La Terra trema continuamente sotto i nostri piedi. Ogni anno in Italia si verificano quasi 17mila terremoti. Si tratta di 46 scosse al giorno, circa due ogni ora. Nel mondo i fenomeni sismici causano quasi 15mila vittime ogni anno. Ma perché accade tutto questo?
Le faglie e i terremoti: un appuntamento imperdibile
Mercoledì 3 dicembre alle 21.20 su Rai 5 torna “Sapiens – Un solo pianeta” con Mario Tozzi. La puntata “Perché la Terra si spacca” esplora il mondo delle faglie sismiche. Il programma cerca di rispondere a domande cruciali sulla sicurezza e la prevenzione.
In apertura, nello spazio “Dialoghi di Sapiens”, Mario Tozzi converserà con Pietrangelo Buttafuoco. I due affronteranno i temi della serata da prospettive diverse: scientifica e umanistica.
San Andreas: la faglia più famosa del mondo
Il programma ha sorvolato la celebre faglia di San Andreas in California. Questa spaccatura attraversa lo stato da nord a sud per quasi 1300 chilometri. È attiva da 25 milioni di anni ed è causata dallo scontro tra due placche tettoniche.
La faglia è nota per il temuto “Big One”. Si tratta del terremoto devastante che potrebbe colpire la California. Gli scienziati temono che possa distruggere Los Angeles e San Francisco. Parte della costa potrebbe addirittura sprofondare nell’Oceano Pacifico.
I terremoti più devastanti degli ultimi decenni
La Turchia ha vissuto una tragedia nel 1999. Un terremoto di magnitudo 7.6 ha causato migliaia di vittime. Il paese si trova lungo la fascia collisionale tra diverse placche tettoniche. L’intensità del sisma equivaleva a 60 bombe di Hiroshima.

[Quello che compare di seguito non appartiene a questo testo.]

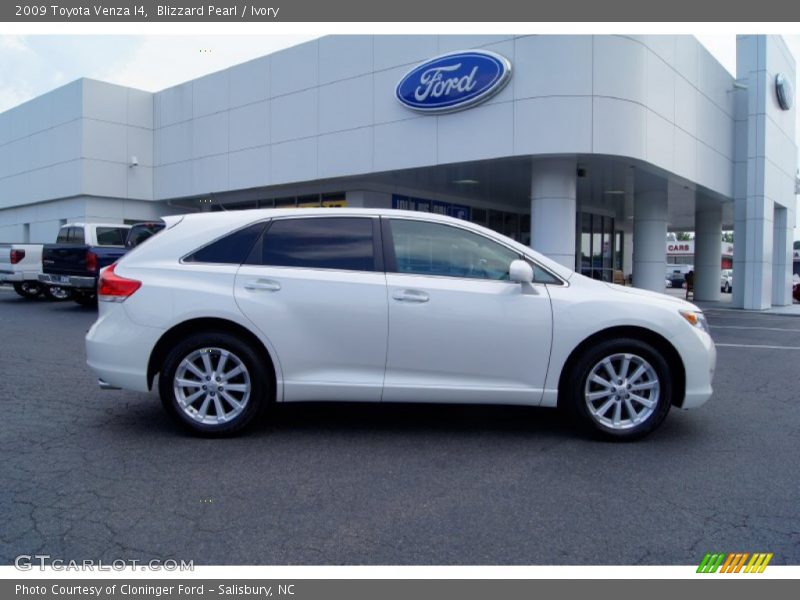 Blizzard Pearl / Ivory 2009 Toyota Venza I4
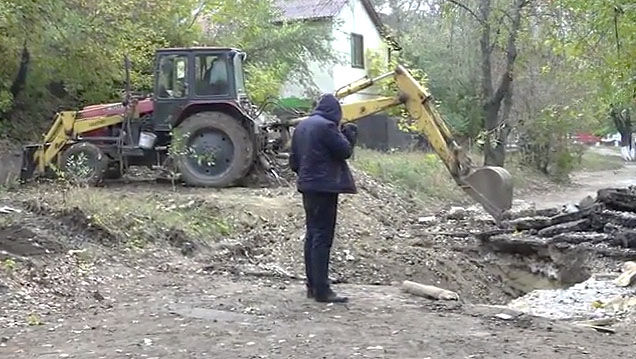 Locatarii câtorva blocuri de pe strada Florilor din Chișinău se plâng că nu au fost conectați încă la agentul termic.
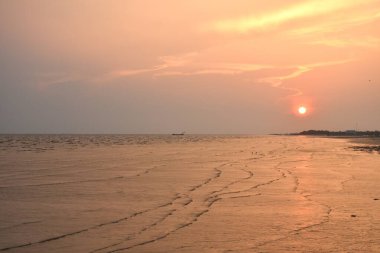 Tayland 'da gün batımında deniz manzarası   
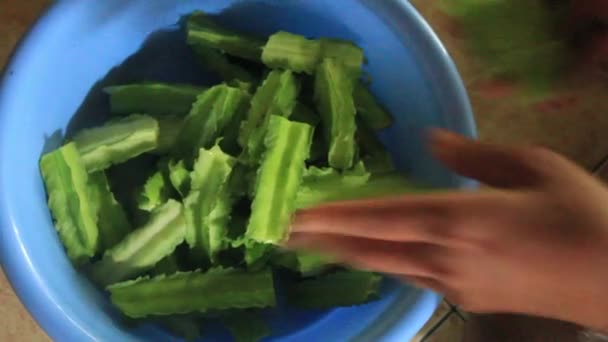 Kecipir Fruit Also Known Psophocarpus Tetragonolobus Blue Container Prepared Boiled — Stock Video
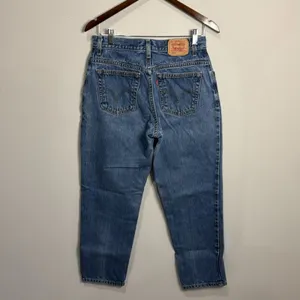 Levis 550 Classic Relaxed Vintage Jeans Inseam 27 Size 10S thumbnail 3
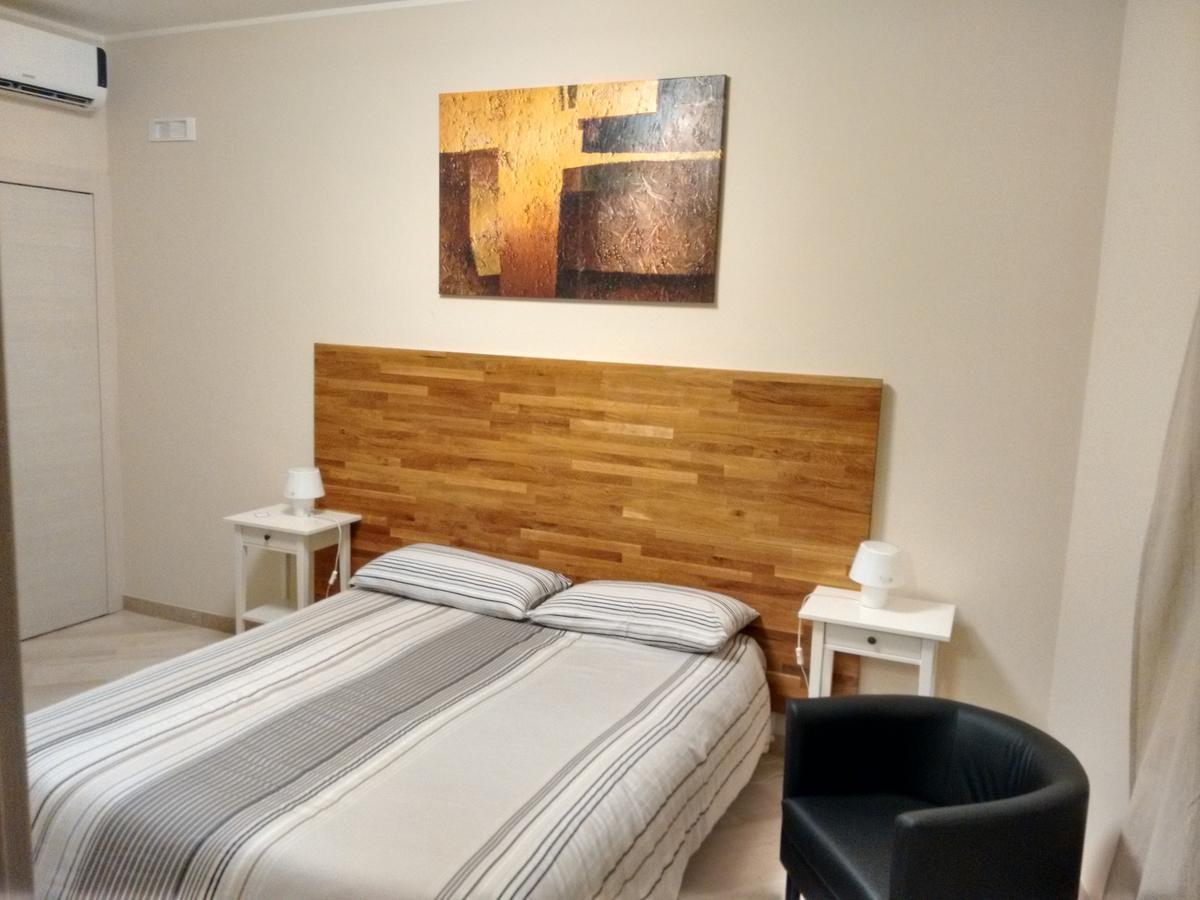 אקואוויווה דלה פונטי B&B Via Roma 15 מראה חיצוני תמונה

Inoltre, Istanbul rappresenta un caso emblematico. La città è costruita su una faglia senza criteri antisismici adeguati. Questo aumenta notevolmente il rischio per milioni di abitanti.
Quando la geologia amplifica i danni
Nel 1985 il Messico ha subito un terremoto devastante. Le onde sismiche sono state amplificate dai terreni molli e saturi d’acqua. Il risultato fu catastrofico: 10mila morti e 3000 edifici danneggiati.
Anche il Giappone convive quotidianamente con il rischio sismico. Il paese si trova all’incrocio di diverse placche tettoniche. Nel 2011 il terremoto di Fukushima ha raggiunto magnitudo 9. Dieci anni dopo, “Sapiens” esamina una faglia protagonista del sisma di Kobe del 1995. Quella tragedia causò 5000 vittime.
L’Italia e la questione antisismica
Anche il nostro paese affronta costantemente l’emergenza terremoti. Le faglie italiane raggiungono magnitudo tra 7.1 e 7.5. Tuttavia, i danni sono spesso enormi a causa della scarsa prevenzione.
Il problema principale riguarda gli edifici costruiti senza rispettare le norme antisismiche. Il terremoto di Amatrice del 2016 ne è un esempio drammatico. La scossa di magnitudo 6 lungo la faglia del Monte Vettore causò 300 vittime.
Il programma ha documentato la distruzione sorvolando la zona subito dopo il sisma. Le immagini mostrano l’impatto devastante su un territorio impreparato.
Perché non si costruisce in sicurezza?
Una delle domande centrali della puntata riguarda proprio questo aspetto. Perché non si adottano misure antisismiche adeguate nella costruzione degli edifici? Si possono davvero “amare” le faglie nonostante i rischi che comportano?
Di fatto, le faglie condizionano la vita e la storia dell’umanità. Riconoscere quelle pericolose è fondamentale per la sicurezza collettiva. Tuttavia, la vera responsabilità dei danni causati dai terremoti ricade spesso sulle scelte umane.
L’appuntamento con “Sapiens – Un solo pianeta” offre risposte e spunti di riflessione. La puntata analizza cosa si è imparato dai terremoti più disastrosi degli ultimi decenni. Un viaggio scientifico per comprendere meglio il pianeta su cui viviamo.